Caption-style text data
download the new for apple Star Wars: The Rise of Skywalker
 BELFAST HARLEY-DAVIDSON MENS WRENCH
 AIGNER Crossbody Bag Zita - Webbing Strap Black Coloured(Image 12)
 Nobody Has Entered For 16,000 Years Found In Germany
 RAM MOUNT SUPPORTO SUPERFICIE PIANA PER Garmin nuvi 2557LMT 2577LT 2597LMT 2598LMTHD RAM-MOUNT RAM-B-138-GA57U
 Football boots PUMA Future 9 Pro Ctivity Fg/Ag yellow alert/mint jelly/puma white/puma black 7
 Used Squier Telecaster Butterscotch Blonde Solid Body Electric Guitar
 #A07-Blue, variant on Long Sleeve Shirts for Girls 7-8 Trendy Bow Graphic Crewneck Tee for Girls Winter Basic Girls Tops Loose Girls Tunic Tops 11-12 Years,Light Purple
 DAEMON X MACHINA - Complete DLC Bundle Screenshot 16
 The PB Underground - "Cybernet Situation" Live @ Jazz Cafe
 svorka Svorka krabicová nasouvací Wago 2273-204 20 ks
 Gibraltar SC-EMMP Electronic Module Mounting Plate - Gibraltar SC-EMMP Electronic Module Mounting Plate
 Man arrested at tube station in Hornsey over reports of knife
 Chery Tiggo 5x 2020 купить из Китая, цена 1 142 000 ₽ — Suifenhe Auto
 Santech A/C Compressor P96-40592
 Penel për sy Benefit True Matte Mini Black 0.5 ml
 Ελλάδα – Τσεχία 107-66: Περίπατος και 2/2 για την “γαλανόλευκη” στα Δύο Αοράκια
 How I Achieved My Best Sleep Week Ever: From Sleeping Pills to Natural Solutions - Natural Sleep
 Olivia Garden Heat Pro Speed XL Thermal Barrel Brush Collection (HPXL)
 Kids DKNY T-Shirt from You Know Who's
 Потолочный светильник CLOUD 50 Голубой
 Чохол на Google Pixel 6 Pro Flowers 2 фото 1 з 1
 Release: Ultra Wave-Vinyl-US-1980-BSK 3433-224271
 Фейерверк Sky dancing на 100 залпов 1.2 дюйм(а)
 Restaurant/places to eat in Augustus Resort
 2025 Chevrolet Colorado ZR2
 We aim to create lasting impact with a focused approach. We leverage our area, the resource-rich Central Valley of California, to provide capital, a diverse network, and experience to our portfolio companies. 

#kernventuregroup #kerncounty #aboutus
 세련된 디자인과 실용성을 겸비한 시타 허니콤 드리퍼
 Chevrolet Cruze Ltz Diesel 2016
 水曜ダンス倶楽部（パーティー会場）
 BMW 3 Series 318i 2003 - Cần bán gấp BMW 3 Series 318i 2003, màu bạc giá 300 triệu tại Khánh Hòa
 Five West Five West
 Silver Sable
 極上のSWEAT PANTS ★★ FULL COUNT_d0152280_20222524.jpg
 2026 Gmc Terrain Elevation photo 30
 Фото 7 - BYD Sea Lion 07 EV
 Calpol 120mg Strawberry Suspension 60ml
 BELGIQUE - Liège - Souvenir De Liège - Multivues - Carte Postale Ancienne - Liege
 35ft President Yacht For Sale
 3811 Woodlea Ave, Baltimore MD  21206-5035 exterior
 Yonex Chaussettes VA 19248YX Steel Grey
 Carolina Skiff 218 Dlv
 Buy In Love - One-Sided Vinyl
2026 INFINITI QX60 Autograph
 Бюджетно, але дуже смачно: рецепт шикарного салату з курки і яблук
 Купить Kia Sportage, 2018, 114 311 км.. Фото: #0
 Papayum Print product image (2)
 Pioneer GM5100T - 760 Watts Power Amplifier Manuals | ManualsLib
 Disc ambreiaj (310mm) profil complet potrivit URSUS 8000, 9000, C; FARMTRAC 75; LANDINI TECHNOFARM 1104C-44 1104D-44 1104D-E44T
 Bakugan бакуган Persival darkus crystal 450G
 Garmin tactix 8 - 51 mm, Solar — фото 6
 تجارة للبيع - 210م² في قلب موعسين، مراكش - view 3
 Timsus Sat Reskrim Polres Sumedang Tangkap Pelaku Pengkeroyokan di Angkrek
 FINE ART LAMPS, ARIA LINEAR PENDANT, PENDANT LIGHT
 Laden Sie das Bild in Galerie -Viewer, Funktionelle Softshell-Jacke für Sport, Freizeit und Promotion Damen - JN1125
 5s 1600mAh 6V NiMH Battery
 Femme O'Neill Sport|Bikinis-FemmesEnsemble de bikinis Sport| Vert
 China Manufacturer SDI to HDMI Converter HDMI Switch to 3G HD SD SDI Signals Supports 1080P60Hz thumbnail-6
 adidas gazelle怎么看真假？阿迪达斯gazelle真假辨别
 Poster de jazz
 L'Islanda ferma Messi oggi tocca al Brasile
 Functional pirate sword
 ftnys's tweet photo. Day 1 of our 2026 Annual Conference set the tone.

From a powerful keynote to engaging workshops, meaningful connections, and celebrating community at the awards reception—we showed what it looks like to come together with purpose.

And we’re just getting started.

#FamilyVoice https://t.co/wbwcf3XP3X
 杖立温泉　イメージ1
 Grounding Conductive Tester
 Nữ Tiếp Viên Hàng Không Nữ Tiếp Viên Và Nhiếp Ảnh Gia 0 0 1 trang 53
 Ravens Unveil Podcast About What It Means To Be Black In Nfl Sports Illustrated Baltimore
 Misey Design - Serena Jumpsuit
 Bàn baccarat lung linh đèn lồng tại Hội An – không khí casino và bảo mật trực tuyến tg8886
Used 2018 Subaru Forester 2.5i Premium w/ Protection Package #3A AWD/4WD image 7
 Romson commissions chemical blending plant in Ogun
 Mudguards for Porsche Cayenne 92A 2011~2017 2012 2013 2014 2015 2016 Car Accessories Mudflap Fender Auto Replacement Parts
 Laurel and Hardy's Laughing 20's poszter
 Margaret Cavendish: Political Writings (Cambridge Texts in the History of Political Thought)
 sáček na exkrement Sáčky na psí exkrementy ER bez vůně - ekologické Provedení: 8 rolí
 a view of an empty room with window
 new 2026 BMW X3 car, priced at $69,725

_What this task involves_: Copy exactly the lines that run from the first line of the data to the line containing "Release: Ultra Wave-Vinyl-US-1980-BSK", please, with both ends included and nothing else.

_Answer section_:
download the new for apple Star Wars: The Rise of Skywalker
 BELFAST HARLEY-DAVIDSON MENS WRENCH
 AIGNER Crossbody Bag Zita - Webbing Strap Black Coloured(Image 12)
 Nobody Has Entered For 16,000 Years Found In Germany
 RAM MOUNT SUPPORTO SUPERFICIE PIANA PER Garmin nuvi 2557LMT 2577LT 2597LMT 2598LMTHD RAM-MOUNT RAM-B-138-GA57U
 Football boots PUMA Future 9 Pro Ctivity Fg/Ag yellow alert/mint jelly/puma white/puma black 7
 Used Squier Telecaster Butterscotch Blonde Solid Body Electric Guitar
 #A07-Blue, variant on Long Sleeve Shirts for Girls 7-8 Trendy Bow Graphic Crewneck Tee for Girls Winter Basic Girls Tops Loose Girls Tunic Tops 11-12 Years,Light Purple
 DAEMON X MACHINA - Complete DLC Bundle Screenshot 16
 The PB Underground - "Cybernet Situation" Live @ Jazz Cafe
 svorka Svorka krabicová nasouvací Wago 2273-204 20 ks
 Gibraltar SC-EMMP Electronic Module Mounting Plate - Gibraltar SC-EMMP Electronic Module Mounting Plate
 Man arrested at tube station in Hornsey over reports of knife
 Chery Tiggo 5x 2020 купить из Китая, цена 1 142 000 ₽ — Suifenhe Auto
 Santech A/C Compressor P96-40592
 Penel për sy Benefit True Matte Mini Black 0.5 ml
 Ελλάδα – Τσεχία 107-66: Περίπατος και 2/2 για την “γαλανόλευκη” στα Δύο Αοράκια
 How I Achieved My Best Sleep Week Ever: From Sleeping Pills to Natural Solutions - Natural Sleep
 Olivia Garden Heat Pro Speed XL Thermal Barrel Brush Collection (HPXL)
 Kids DKNY T-Shirt from You Know Who's
 Потолочный светильник CLOUD 50 Голубой
 Чохол на Google Pixel 6 Pro Flowers 2 фото 1 з 1
 Release: Ultra Wave-Vinyl-US-1980-BSK 3433-224271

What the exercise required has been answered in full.